*EXERCISE OBJECTIVE*: Pictures aside, copy exactly the lines running from the one with "Protective Eye Ring" to the end of the records.

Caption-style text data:

Segment Open

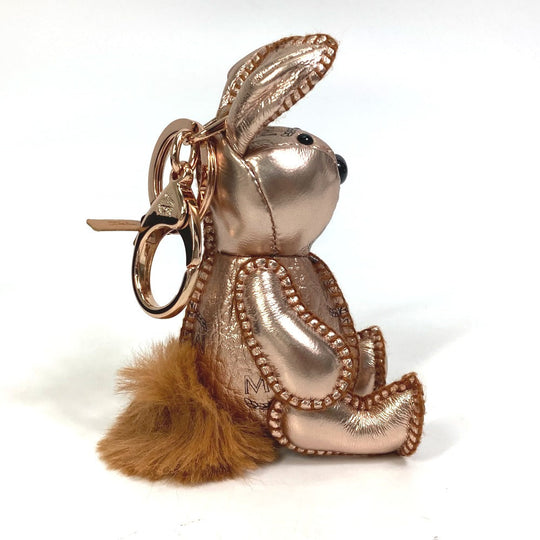 MCM key ring leather Metallic pink Vesetos rabbit metallic leather fur Women Used Authentic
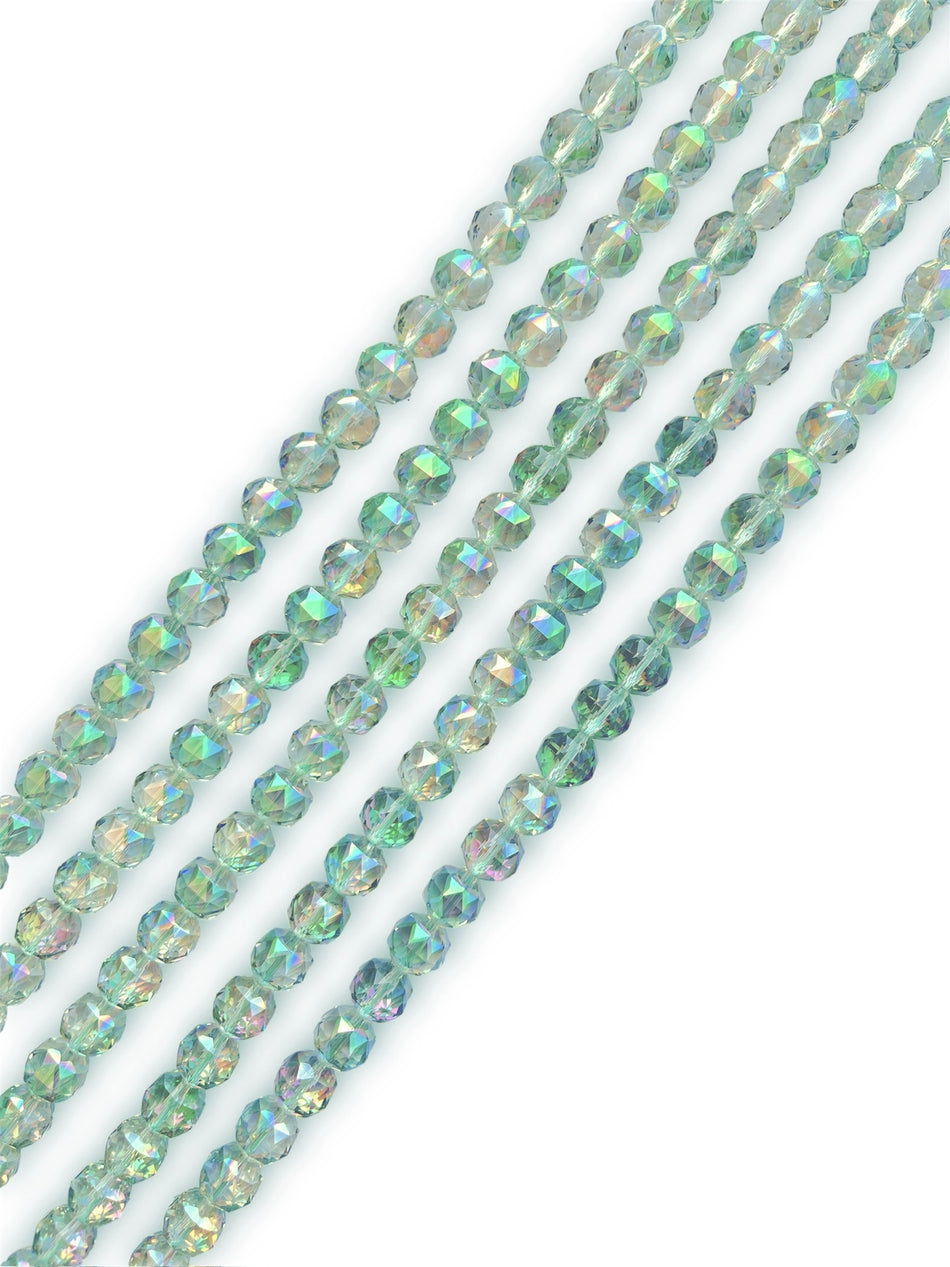 Faceted Round Crystal Strand, 12mm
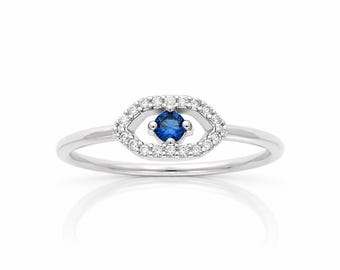Protective Eye Ring • Sterling Silver • Blue Sapphire Cz & Diamond Cz Pave Open Band • Talisman Jewelry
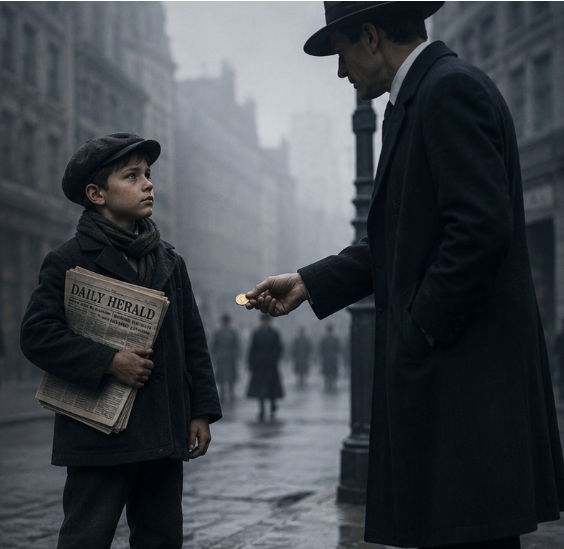 Street scene with a newspaper boy facing a man in a dark coat offering a coin in the rain.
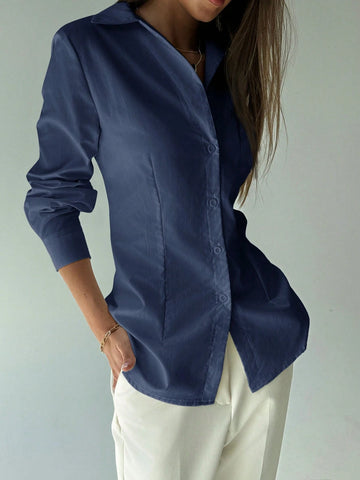 Simple Cinched Waist Open Front Long Sleeve Casual Shirt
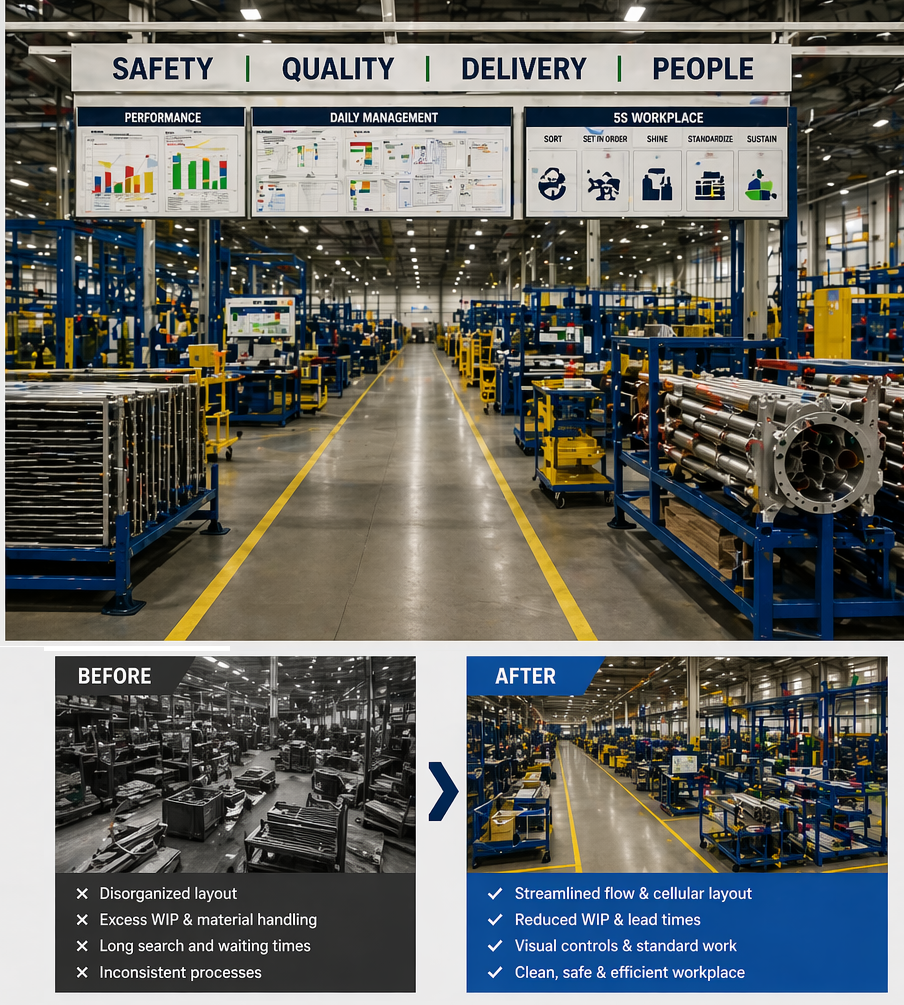 Lean Transformation – 5S factory floor before and after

Segment Closed

*THE ANSWER*:
Protective Eye Ring • Sterling Silver • Blue Sapphire Cz & Diamond Cz Pave Open Band • Talisman Jewelry
 Street scene with a newspaper boy facing a man in a dark coat offering a coin in the rain.
 Simple Cinched Waist Open Front Long Sleeve Casual Shirt
 Lean Transformation – 5S factory floor before and after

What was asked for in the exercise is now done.